Perhaps the oddest story that came out this holiday weekend was the one about the LAPD medical administrator who stepped down from her job because a half dozen of her cohorts felt it was wrong for the LAPD to continue to accept "grossly overweight" new officer recruits.
The controversy stems from a decision by the city Personnel Department to change the standards for police recruits, including a move to raise the maximum body fat allowed for men to 24% from 22%, and for women to 32% from 30%. Body fat — the percentage of a person's body that is not bone, muscle, organs or water — is measured using calipers applied to areas such as the waist, where fat can accumulate.

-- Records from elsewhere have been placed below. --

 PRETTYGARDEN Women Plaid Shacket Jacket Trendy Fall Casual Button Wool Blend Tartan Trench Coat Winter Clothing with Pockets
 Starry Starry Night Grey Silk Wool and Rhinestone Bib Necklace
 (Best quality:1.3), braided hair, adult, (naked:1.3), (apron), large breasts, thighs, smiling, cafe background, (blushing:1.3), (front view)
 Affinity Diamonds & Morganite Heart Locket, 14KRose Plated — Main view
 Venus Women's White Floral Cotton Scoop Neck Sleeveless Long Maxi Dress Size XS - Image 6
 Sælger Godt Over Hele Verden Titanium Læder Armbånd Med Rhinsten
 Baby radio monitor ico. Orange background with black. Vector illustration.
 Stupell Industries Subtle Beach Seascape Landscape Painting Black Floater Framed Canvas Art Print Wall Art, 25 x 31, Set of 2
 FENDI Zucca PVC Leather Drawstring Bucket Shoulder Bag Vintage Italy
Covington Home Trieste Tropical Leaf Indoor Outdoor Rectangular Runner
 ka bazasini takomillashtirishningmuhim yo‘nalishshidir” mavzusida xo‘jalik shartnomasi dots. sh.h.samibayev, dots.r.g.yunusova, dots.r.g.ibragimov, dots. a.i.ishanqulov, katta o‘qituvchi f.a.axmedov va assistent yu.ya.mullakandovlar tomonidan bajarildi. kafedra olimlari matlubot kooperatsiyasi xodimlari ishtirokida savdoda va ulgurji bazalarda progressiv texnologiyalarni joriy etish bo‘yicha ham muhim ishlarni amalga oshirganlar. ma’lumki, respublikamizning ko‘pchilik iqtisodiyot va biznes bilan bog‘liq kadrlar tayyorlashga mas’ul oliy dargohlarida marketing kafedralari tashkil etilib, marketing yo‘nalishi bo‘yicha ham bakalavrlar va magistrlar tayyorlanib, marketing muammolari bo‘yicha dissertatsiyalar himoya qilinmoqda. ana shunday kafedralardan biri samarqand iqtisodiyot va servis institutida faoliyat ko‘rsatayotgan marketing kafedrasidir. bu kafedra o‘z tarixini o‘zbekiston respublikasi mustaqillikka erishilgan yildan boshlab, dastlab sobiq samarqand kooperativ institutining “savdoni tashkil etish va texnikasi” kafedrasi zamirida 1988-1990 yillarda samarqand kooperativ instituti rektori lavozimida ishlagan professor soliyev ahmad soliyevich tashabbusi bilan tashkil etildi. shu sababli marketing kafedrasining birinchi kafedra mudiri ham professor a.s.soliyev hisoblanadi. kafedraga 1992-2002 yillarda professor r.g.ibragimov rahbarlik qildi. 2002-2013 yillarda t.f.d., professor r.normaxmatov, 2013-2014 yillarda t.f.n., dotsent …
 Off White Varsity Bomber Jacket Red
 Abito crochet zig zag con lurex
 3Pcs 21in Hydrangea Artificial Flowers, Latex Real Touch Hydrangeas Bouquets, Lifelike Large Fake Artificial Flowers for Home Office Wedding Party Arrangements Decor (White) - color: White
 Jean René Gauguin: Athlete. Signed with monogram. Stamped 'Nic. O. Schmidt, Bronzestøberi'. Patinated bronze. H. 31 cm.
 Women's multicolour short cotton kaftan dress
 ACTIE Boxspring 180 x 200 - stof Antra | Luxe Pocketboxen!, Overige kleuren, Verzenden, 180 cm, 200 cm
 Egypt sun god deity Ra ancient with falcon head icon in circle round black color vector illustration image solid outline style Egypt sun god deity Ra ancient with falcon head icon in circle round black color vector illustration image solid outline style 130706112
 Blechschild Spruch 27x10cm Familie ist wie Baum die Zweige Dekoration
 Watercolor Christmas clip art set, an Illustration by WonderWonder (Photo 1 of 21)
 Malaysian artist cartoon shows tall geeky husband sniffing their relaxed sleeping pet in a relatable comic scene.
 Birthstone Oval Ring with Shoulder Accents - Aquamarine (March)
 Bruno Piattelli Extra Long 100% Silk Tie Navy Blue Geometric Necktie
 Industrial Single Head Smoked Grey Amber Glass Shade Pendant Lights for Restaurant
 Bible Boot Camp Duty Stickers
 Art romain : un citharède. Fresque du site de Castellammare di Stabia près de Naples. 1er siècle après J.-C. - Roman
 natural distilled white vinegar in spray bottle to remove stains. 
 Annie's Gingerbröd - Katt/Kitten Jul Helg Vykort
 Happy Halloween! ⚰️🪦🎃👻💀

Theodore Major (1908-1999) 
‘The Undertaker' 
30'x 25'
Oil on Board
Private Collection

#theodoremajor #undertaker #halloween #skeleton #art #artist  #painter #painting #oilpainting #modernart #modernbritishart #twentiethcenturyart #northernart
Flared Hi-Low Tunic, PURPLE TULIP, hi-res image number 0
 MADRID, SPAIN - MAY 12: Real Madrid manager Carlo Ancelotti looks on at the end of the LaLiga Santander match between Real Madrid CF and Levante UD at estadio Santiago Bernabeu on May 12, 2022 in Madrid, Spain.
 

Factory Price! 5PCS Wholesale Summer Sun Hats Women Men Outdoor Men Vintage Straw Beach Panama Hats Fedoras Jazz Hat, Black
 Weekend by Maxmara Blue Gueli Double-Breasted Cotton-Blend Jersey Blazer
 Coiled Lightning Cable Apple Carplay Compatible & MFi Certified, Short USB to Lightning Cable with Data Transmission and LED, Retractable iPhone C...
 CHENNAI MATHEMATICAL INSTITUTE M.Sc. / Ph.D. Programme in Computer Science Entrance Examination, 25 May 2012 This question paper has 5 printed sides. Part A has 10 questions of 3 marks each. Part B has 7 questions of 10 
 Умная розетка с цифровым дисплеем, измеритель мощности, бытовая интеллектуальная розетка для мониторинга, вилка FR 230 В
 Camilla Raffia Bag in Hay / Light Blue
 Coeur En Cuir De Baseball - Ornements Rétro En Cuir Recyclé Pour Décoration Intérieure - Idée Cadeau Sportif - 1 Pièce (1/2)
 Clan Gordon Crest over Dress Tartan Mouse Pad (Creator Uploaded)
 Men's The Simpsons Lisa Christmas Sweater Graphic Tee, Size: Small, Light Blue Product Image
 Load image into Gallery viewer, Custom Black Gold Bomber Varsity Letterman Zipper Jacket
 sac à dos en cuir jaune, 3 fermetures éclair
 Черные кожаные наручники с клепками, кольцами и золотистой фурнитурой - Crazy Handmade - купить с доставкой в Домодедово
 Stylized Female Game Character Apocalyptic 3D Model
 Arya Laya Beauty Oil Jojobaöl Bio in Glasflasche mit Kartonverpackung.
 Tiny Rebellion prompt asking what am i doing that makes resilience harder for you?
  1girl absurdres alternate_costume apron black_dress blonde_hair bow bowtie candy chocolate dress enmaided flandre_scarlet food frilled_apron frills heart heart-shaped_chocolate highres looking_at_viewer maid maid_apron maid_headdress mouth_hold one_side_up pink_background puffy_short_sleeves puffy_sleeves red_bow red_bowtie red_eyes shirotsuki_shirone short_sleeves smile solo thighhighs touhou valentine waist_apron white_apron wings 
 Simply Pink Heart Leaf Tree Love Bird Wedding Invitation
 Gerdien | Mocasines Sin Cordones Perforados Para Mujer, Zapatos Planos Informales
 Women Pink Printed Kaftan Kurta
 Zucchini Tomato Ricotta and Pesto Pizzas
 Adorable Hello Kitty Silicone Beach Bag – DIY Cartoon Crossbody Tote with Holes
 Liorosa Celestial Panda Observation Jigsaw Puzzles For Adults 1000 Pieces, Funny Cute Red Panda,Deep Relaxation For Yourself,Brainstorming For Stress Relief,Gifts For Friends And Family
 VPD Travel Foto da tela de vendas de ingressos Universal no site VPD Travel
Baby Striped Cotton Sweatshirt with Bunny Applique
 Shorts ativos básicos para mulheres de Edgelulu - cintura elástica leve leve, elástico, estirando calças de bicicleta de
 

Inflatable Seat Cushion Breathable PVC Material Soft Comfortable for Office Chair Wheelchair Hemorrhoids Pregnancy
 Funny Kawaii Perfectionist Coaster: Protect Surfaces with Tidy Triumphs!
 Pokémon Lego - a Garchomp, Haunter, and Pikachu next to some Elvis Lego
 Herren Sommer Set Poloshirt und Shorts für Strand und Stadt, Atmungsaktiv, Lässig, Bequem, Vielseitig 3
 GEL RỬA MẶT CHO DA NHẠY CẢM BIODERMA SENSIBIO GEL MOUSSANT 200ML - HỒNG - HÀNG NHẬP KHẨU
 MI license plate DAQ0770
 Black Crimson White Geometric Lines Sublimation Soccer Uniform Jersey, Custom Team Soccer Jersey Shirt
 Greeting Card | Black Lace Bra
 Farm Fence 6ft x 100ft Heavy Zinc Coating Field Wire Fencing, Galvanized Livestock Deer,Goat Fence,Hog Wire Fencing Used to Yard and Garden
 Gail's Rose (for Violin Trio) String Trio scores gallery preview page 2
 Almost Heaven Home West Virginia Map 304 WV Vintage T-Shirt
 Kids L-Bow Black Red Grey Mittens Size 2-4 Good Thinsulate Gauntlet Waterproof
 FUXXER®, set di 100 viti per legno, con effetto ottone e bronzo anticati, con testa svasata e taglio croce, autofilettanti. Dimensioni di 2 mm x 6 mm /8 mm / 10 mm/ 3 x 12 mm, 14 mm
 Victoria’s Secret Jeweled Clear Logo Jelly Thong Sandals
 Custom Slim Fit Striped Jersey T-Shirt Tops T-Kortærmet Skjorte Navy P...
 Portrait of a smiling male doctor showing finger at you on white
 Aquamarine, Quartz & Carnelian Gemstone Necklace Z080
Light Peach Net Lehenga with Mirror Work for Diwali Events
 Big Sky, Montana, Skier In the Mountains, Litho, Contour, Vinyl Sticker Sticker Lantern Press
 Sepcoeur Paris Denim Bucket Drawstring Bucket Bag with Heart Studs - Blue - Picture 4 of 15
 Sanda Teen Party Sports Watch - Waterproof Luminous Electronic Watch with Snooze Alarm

The standards were relaxed two years ago by city bureaucrats after the mayor pledged to add 1,000 officers to the Los Angeles Police Department. But only in recent months — as recruit classes graduated with some heavy-set rookies — did the controversy balloon. - LA Times
On Friday, Deanna Stover, the medical administrator for the Personnel Department, resigned after nurses signed a letter protesting the clearing of recruits who were out of shape. "When the medical services administration decided internally to make this change, it was purely to 'boost' the number of candidates that would pass the exam and address a short-term problem of low pass rates," says the letter signed by six nurses who conduct the [body fat] tests.
"Such an increase would make our department and therefore our 'administrator' appear more effective. This decision was purely self-serving and without consideration of our medical expertise or regard to the long-term fallout to the Police Department in the way of candidates' failures, injuries or potential lawsuits."